*** INFORMATION Section Begins ***

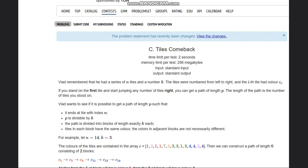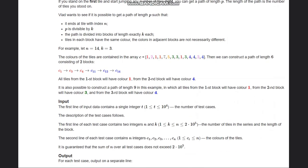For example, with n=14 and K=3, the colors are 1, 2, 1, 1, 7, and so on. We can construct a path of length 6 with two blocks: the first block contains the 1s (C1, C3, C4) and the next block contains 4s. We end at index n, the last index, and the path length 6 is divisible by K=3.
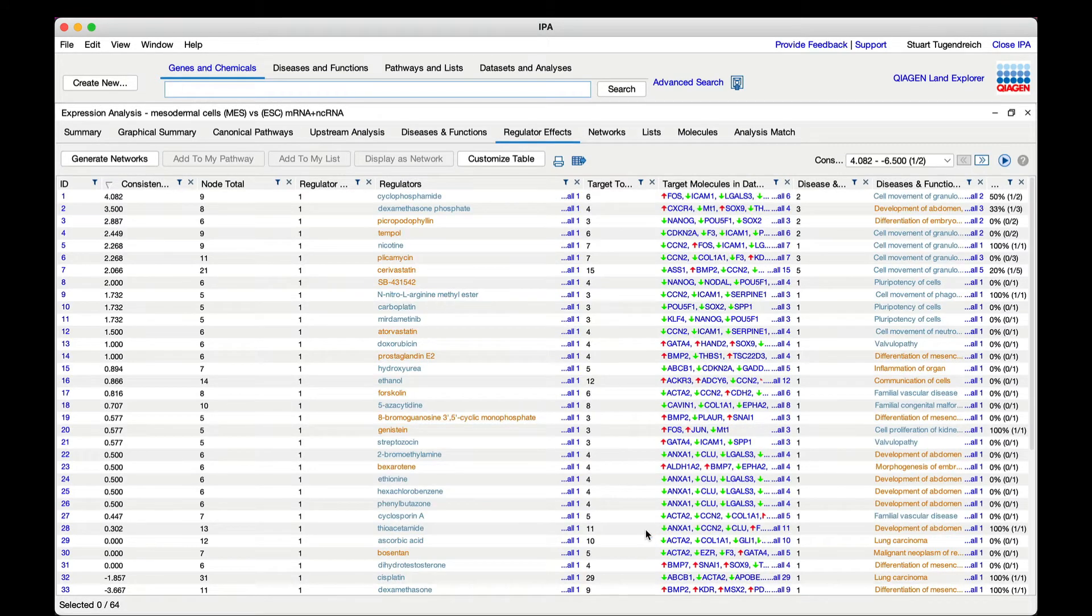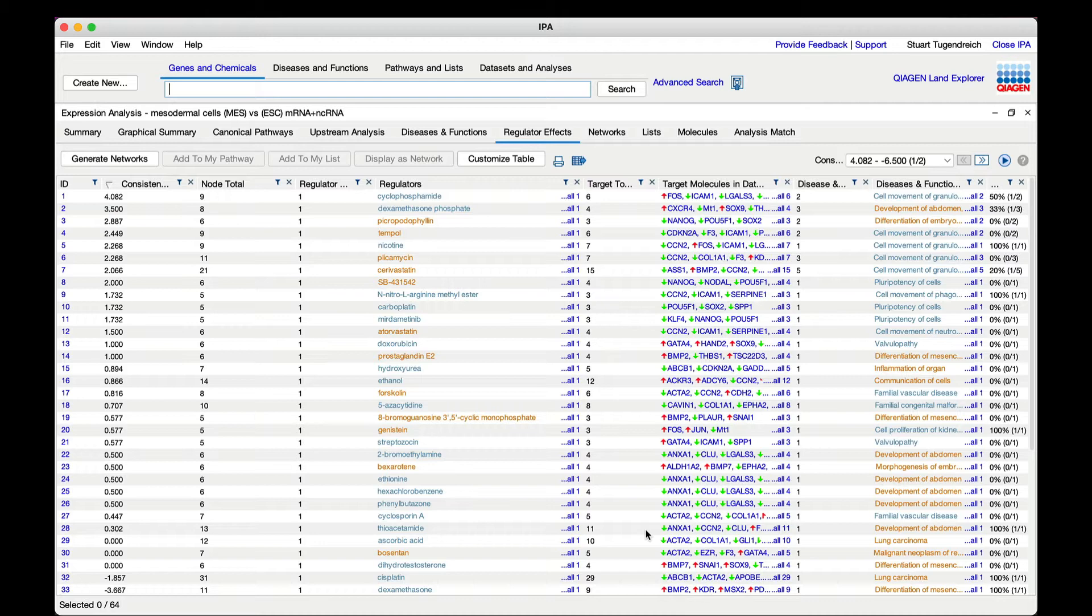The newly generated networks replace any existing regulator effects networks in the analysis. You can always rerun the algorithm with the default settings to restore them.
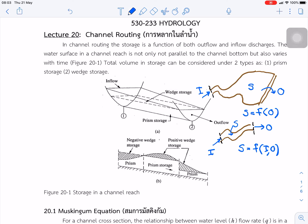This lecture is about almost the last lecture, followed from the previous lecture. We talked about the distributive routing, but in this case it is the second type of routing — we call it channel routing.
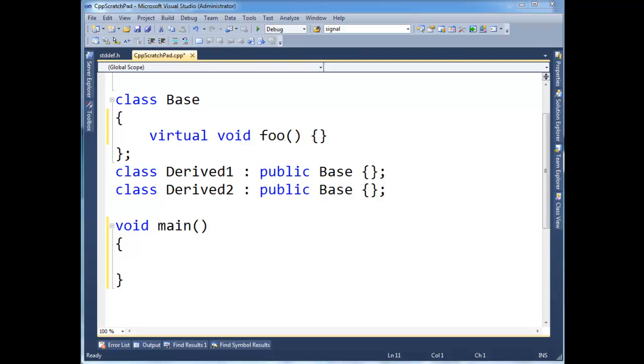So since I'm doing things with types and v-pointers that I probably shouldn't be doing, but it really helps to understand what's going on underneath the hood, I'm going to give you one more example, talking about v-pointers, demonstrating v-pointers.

*** INFORMATION Section Ends ***
*** INFORMATION Section Begins ***

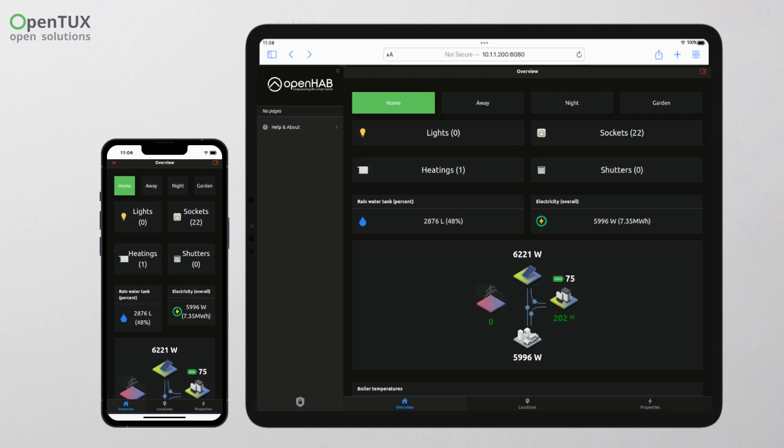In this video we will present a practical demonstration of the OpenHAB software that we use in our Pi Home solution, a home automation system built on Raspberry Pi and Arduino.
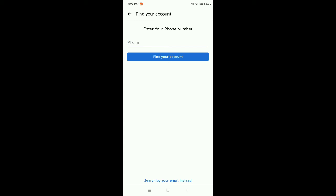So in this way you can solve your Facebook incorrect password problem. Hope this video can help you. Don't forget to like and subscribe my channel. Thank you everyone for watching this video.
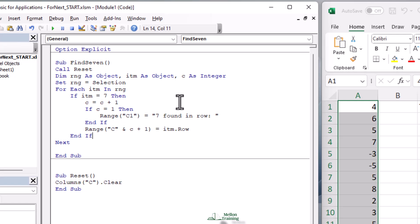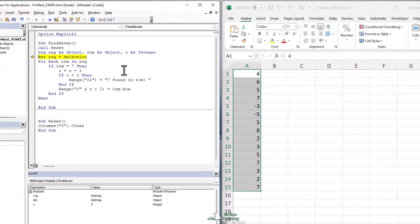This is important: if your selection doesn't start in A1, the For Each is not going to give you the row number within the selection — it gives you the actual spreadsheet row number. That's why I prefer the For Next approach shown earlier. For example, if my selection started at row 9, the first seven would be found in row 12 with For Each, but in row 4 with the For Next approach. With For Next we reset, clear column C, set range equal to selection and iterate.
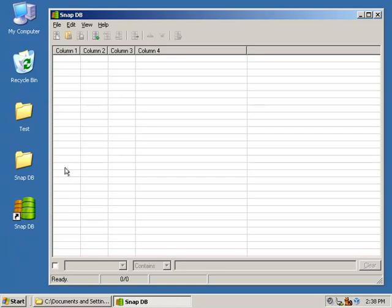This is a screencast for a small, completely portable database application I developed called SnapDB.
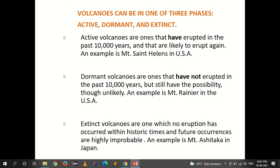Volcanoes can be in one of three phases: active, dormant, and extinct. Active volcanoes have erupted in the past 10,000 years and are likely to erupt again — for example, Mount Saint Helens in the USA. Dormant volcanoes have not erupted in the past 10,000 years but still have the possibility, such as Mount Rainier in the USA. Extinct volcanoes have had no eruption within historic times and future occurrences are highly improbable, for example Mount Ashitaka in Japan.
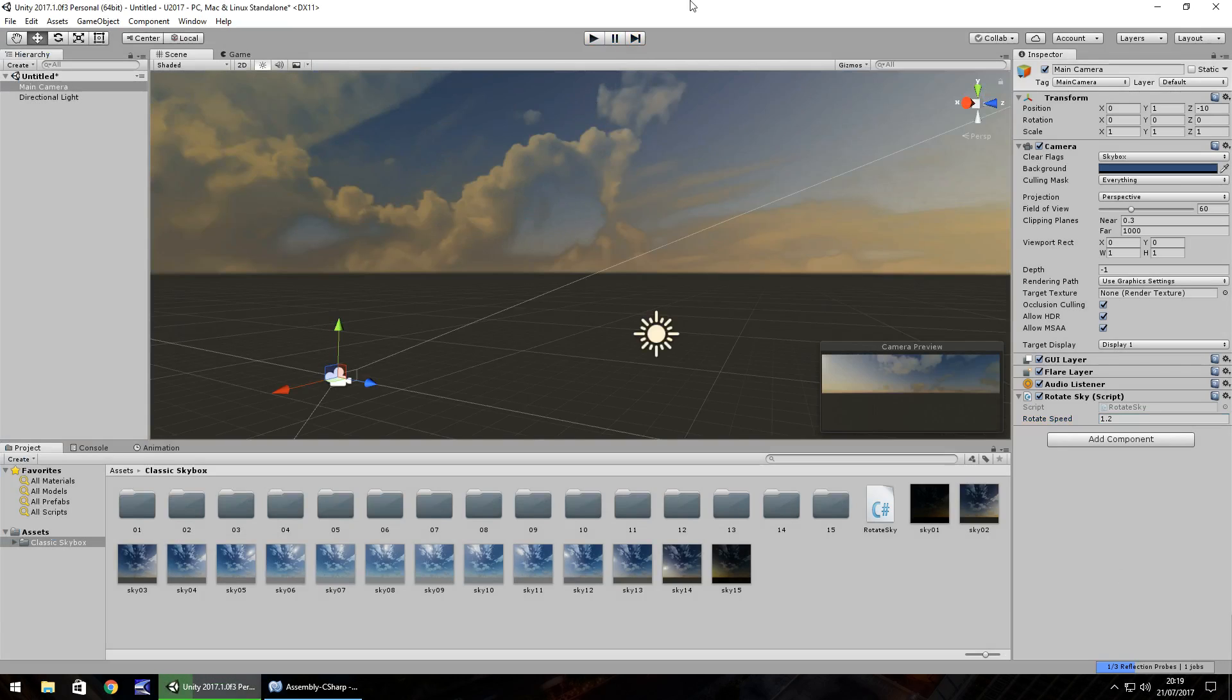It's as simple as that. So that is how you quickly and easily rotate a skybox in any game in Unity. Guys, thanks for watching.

*** INFORMATION Section Ends ***
*** INFORMATION Section Begins ***

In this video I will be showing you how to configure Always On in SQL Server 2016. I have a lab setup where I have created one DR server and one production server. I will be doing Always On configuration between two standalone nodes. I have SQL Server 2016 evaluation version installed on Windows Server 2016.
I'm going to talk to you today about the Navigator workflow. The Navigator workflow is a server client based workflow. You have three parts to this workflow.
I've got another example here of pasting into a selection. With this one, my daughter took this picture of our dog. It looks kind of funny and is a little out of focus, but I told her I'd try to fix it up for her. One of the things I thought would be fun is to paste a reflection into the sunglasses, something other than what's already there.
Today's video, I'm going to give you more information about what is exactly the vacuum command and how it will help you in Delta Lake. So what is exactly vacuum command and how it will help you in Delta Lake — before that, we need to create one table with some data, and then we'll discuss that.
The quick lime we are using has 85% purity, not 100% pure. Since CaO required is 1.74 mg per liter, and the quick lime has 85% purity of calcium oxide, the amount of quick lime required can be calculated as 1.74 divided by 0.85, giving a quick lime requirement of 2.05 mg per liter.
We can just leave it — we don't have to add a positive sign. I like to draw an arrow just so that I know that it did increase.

*** INFORMATION Section Ends ***

__YOUR INSTRUCTIONS__:
Look above for the line holding "The quick lime we" and the line holding "We can just", then output exactly those two lines and every line between them, nothing more.

__YOUR RESPONSE__:
The quick lime we are using has 85% purity, not 100% pure. Since CaO required is 1.74 mg per liter, and the quick lime has 85% purity of calcium oxide, the amount of quick lime required can be calculated as 1.74 divided by 0.85, giving a quick lime requirement of 2.05 mg per liter.
We can just leave it — we don't have to add a positive sign. I like to draw an arrow just so that I know that it did increase.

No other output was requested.